* [TASK STATEMENT]:
Print the records exactly as written, and let no picture into the answer.
[INPUT — start]
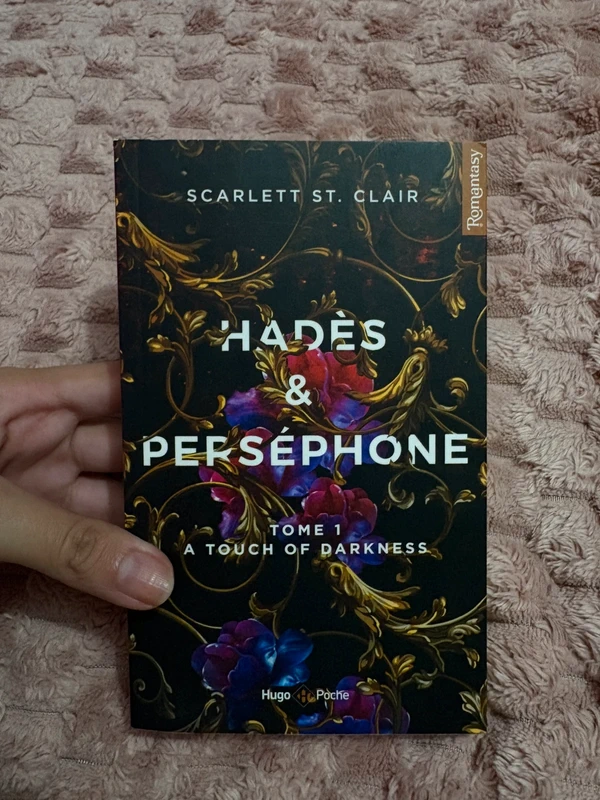 Hadès & Perséphone - Tome 1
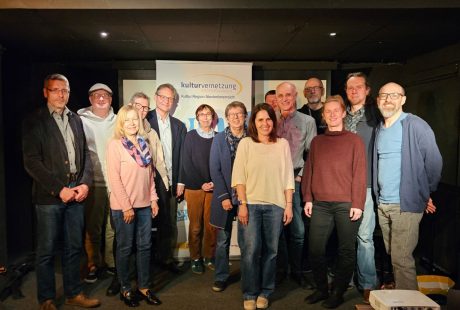 Laufband Kulturstammtisch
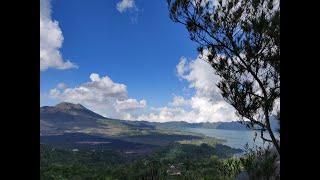 Mount Batur - Kintamani Volcano - Lake Batur - Bali Indonesia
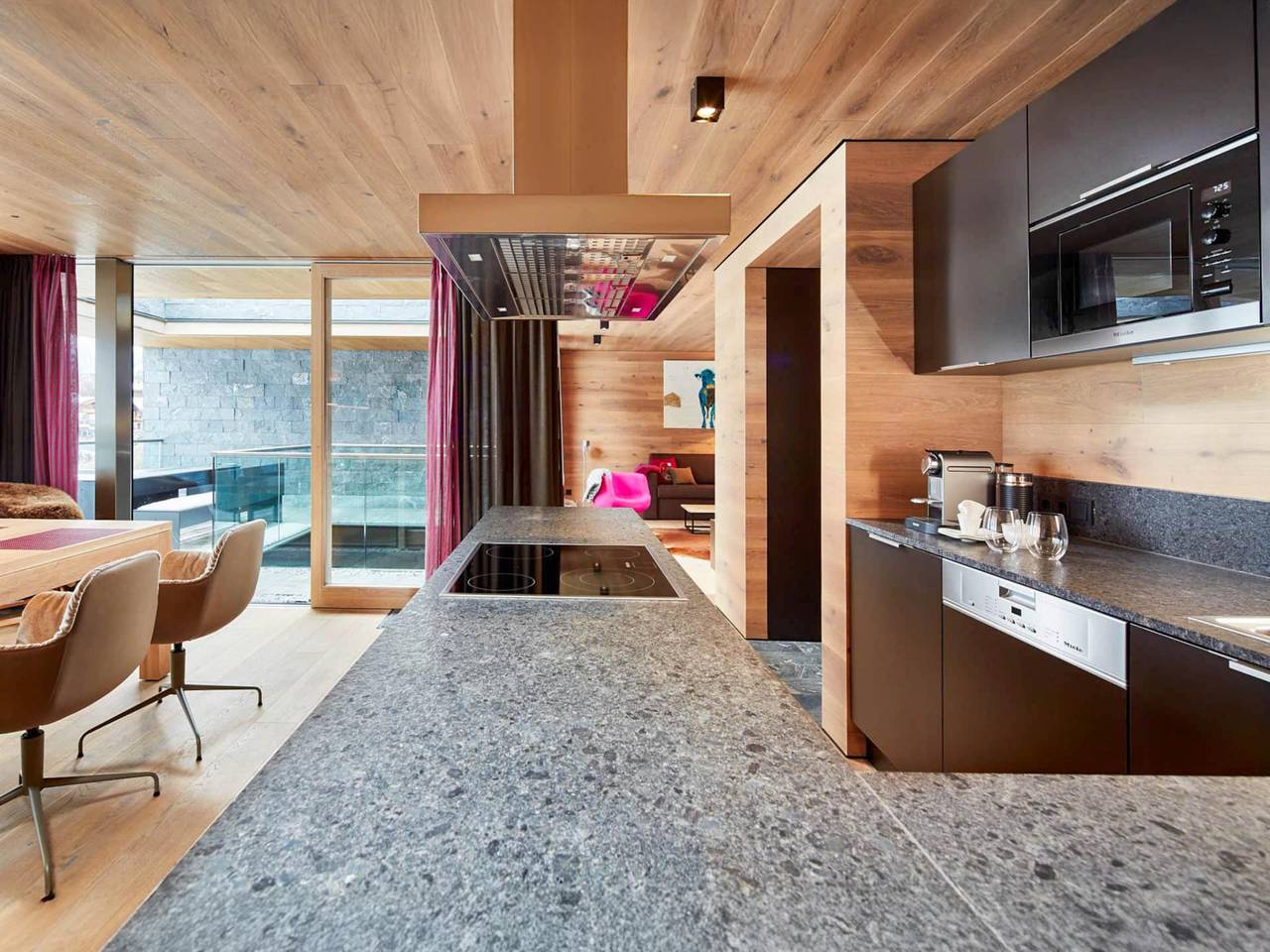 Ganze Wohnung, Gipfelstürmer, Ski in & out in Bramberg in Bramberg am Wildkogel, Kitzbüheler Alpen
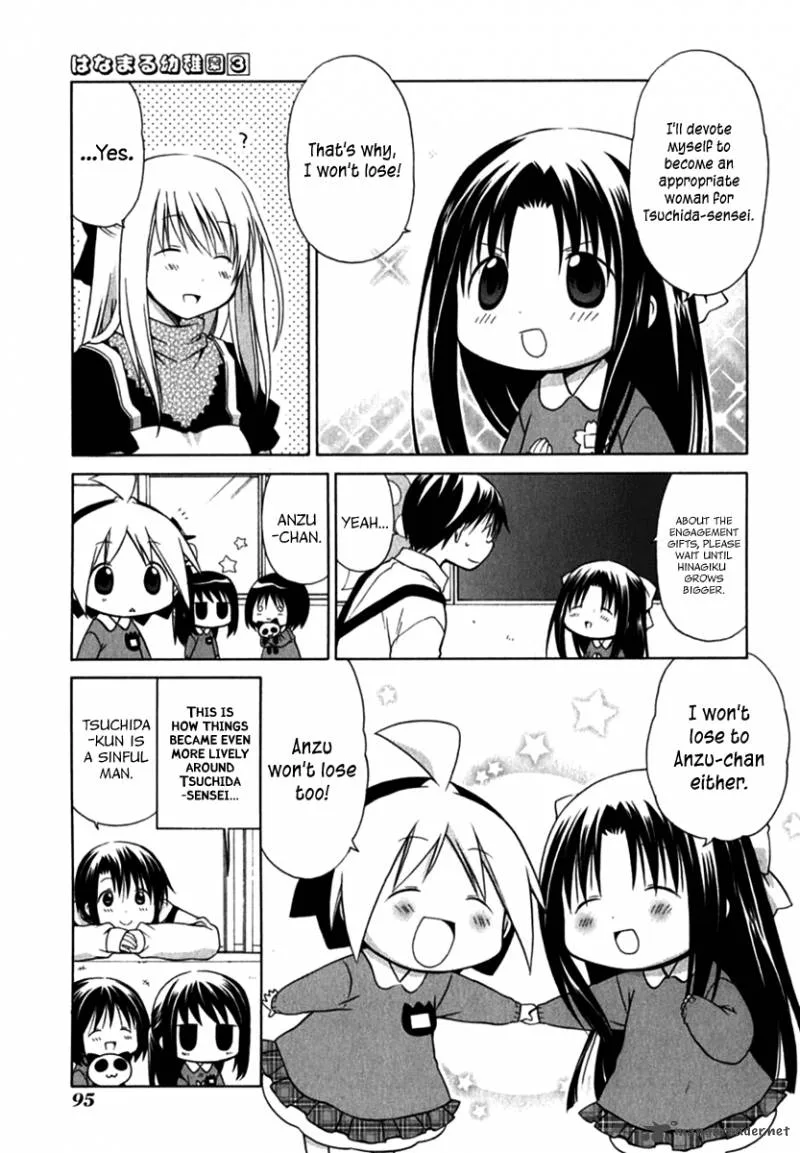 Hanamaru Youchien Chapter 25 page 13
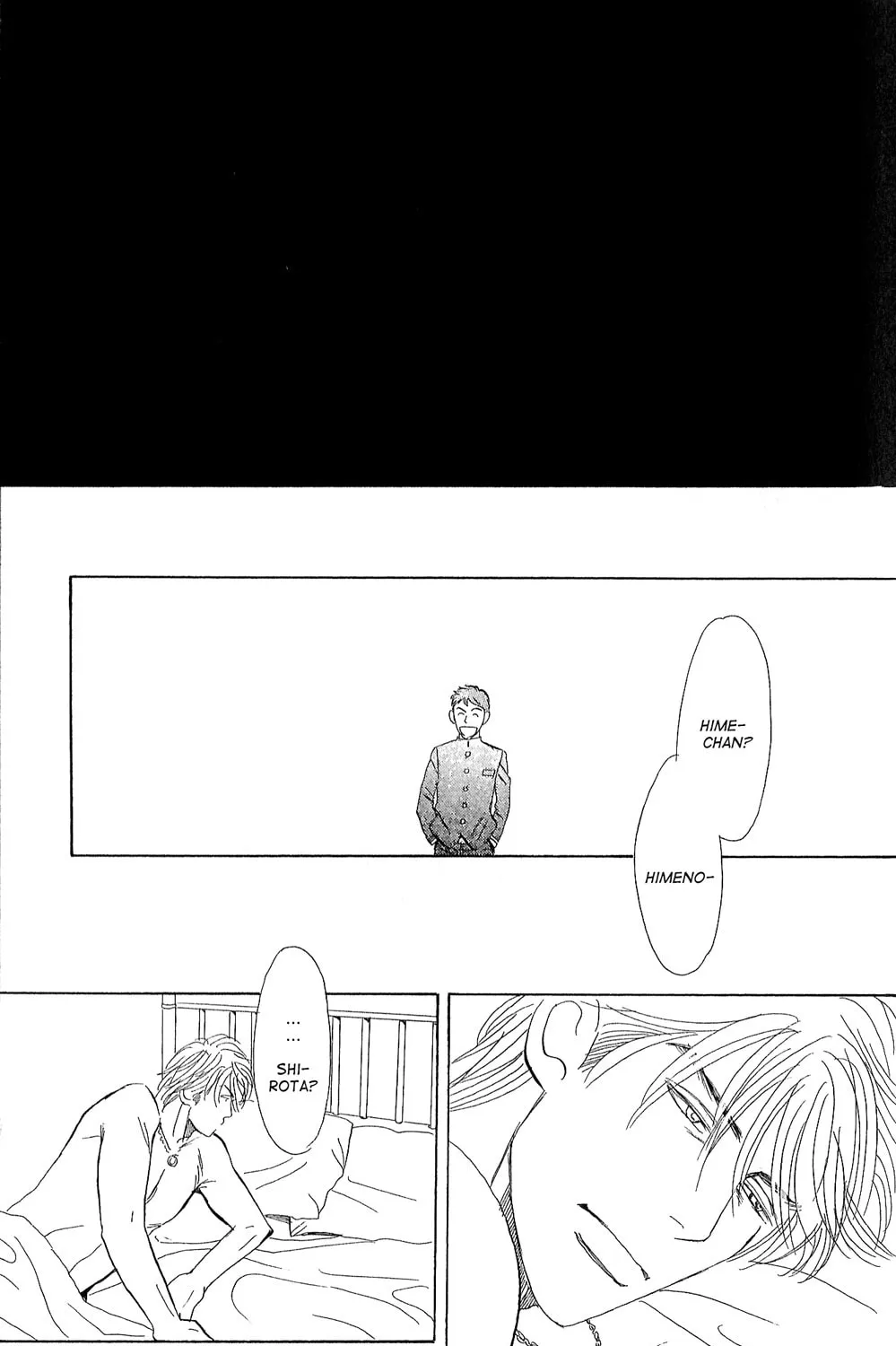 All of Heaven and Hell Chapter 4 page 27 - 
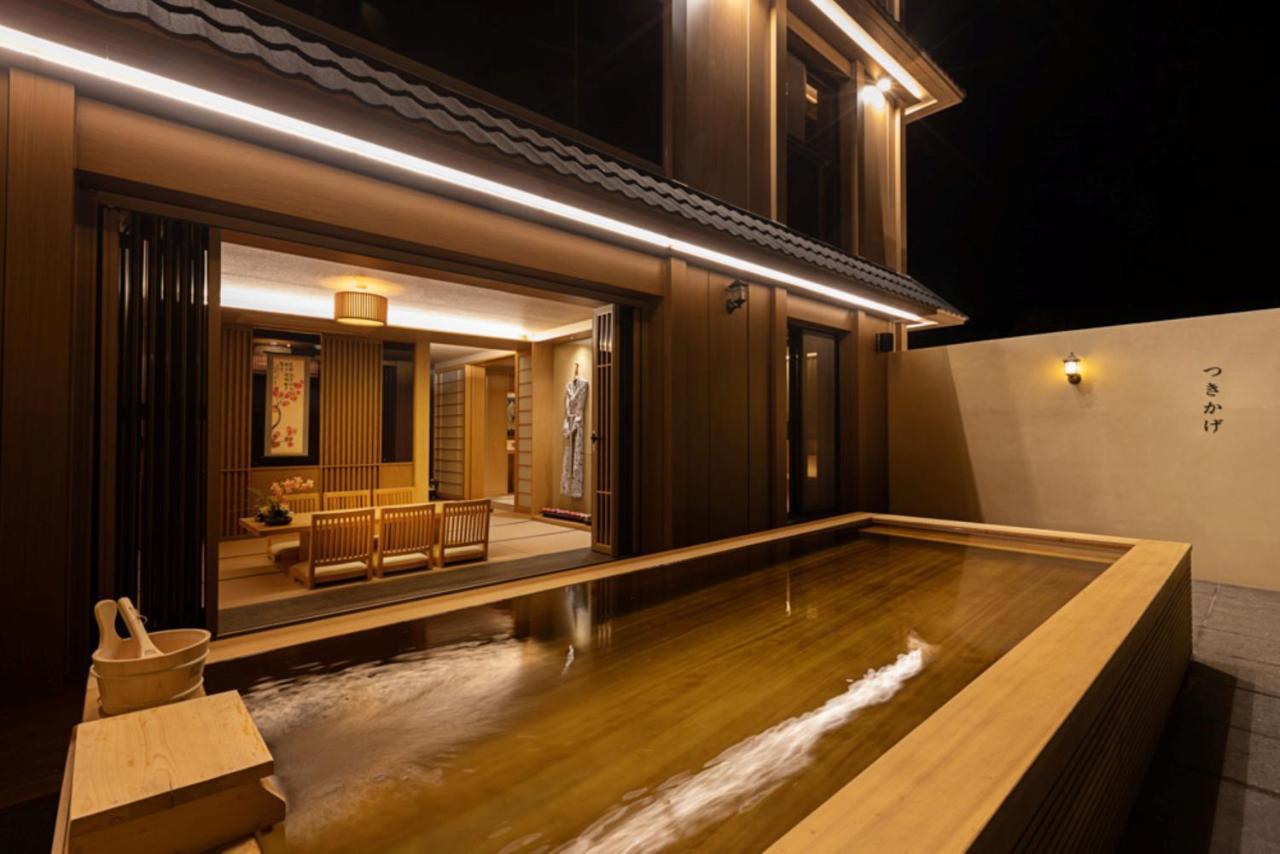 Hoshikage Ryokan Hotel Busan Eksteriør bilde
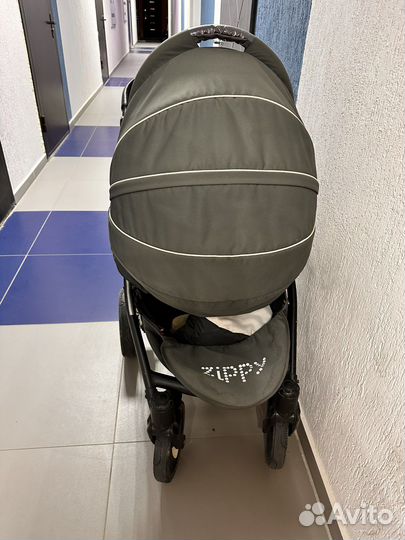 Коляска tutis 3 в 1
[INPUT — finish]
* [EXERCISE OUTPUT]:
 Hadès & Perséphone - Tome 1
 Laufband Kulturstammtisch
 Mount Batur - Kintamani Volcano - Lake Batur - Bali Indonesia
 Ganze Wohnung, Gipfelstürmer, Ski in & out in Bramberg in Bramberg am Wildkogel, Kitzbüheler Alpen
 Hanamaru Youchien Chapter 25 page 13
 All of Heaven and Hell Chapter 4 page 27 - 
 Hoshikage Ryokan Hotel Busan Eksteriør bilde
 Коляска tutis 3 в 1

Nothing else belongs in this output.